Why Cook with Beer?

Contributed by Kate Dowhan

I remember one of my first times cooking with beer. I had come home from university one wintry weekend and wanted to make a creamy potato soup for my family. While cooking, I decided to add a bit of pale ale to the pot as I knew this style’s substantial malt presence would complement the rich earthiness of PEI potatoes. They worked together to create a wonderful hearty soup that my family thoroughly enjoyed. It tasted good, really good.

For many people, their favourite way to appreciate beer is from a glass but I hope to inspire you to reach for beer the next time you are cooking. Beer makes a great drink but is also a great ingredient to cook with!

You might ask, why cook with beer?


Beer adds a more complex depth of flavour to a finished creation. It lends itself to the rich flavours of soups, stews and pastas while light and sweeter beers can be used in desserts. The spicy, fragrant flavours in many beer varieties compliment curries, chicken or even fish. If a recipe calls for a liquid, such as wine, stock, milk, water; you can substitute with beer.

Today, partly due to the growing craft beer industry, beer has become as complex a beverage as wine. Its flavour can be as pronounced, bold, sweet or bitter as the most intricate bottle of wine. It is a nice feeling to think that you can take something that you enjoy to drink and work with it in other ways. Beer can be used to transform, elevate or strengthen various ingredients into a beautiful and inspiring finished creation.

Beer and wine act a lot like salt in terms of their ability to bring out different flavours in food. Instead of wine, you can use beer to “deglaze” a pan. For example, when making a rich finishing sauce to serve alongside meat, sear the meat and pour beer into the pan and let it simmer. The presence of alcohol helps to transfer additional flavour from the meat to the sauce.

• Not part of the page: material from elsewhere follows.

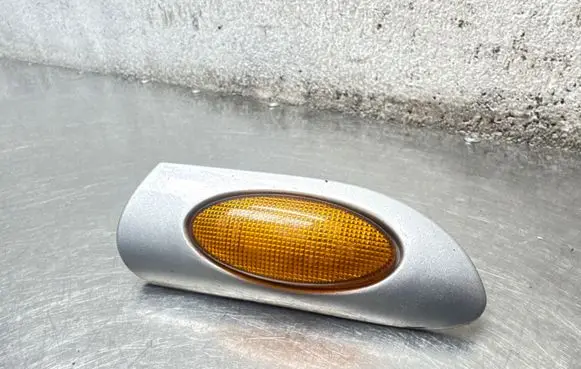 Opel Vectra B Front fender indicator light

Many people think that when adding alcohol to a dish; the alcohol is completely evaporated or burned off, however, that’s not entirely true. Beer’s flavours: the hops, spices, fruit, barley and yeast are all transferred to a dish when you cook with it. How much of that flavour is retained is dependent on the cooking time, the amount of heat applied and truly how much alcohol was added. For instance, if you are cooking with beer in a recipe and the mixture is simmered for a period of time the beer flavour will be apparent but not as much as if you flambé fruit with beer.

It’s simple, if you enjoy beer to drink you will likely enjoy it in your recipes. Even if you do not drink beer you may like what it can do to your favourite dishes.